Agrani Insurance moves to issue rights share again
Earlier, in June 2021, the securities regulator rejected Agrani Insurance’s rights share offer due to the company’s failure to submit a Credit Information Bureau report
Agrani Insurance Company Ltd has decided to increase its paid-up capital by issuing one rights share against five existing shares.
The company has called an extraordinary general meeting for its shareholders to get their consent to issue the rights shares, according to the Dhaka Stock Exchange. The company would arrange the meeting virtually on 18 April. The record date is 24 April.
Earlier, in June 2021, the securities regulator rejected Agrani Insurance's rights share offer due to the company's failure to submit a Credit Information Bureau report.
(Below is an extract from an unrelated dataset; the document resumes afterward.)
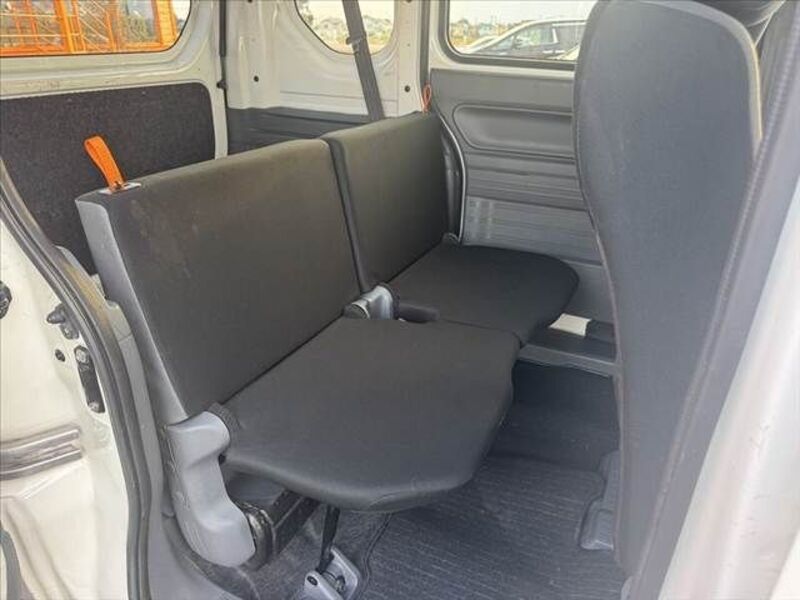 N-VAN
The listed non-life insurer would issue one rights share against every five existing ordinary shares to comply with the insurance regulator's capital adequacy requirement.
The Insurance Development and Regulatory Authority needs non-life insurers to have at least Tk40 crore in paid-up capital and at least 60% shareholding by their sponsors and directors together.
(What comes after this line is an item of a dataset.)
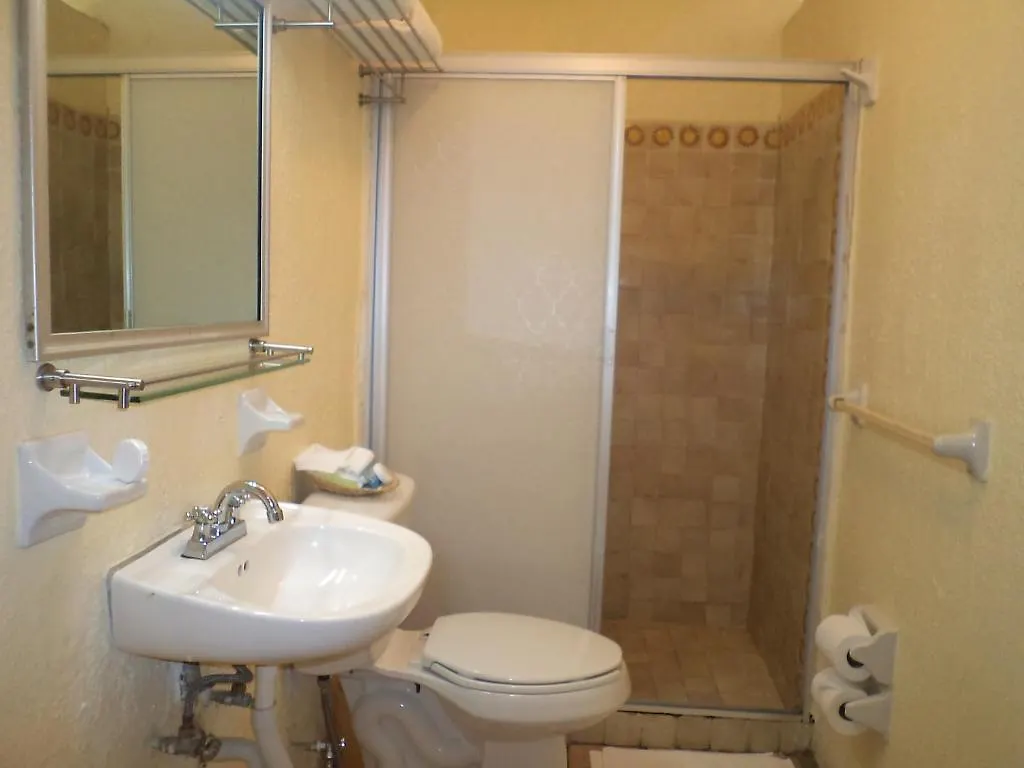 Hotel Mercurio - Gay Friendly Puerto Vallarta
Agrani Insurance has Tk33.98 crore in paid-up capital and only 33.83% of its shares are being held by its sponsors and directors.
The issuance of rights shares will be subject to all the necessary regulatory approvals and after securing those, the company will announce a fresh record date to identify shareholders who can subscribe to the right shares.
If the right shares remain unsubscribed by the existing shareholders, the mandated underwriter will absorb the unsold shares.
Agrani Insurance began its journey two decades ago and got listed on the bourses in 2005. It is engaged in the underwriting business.
At the end of December 2023, the non-life insurer recommended a 12% cash dividend for their shareholders.
During the year, its profit after tax stood at Tk7.14 crore and its earnings per share was Tk2.10.
On Sunday, the closing share price of the company stood at Tk37.60 on the stock exchange.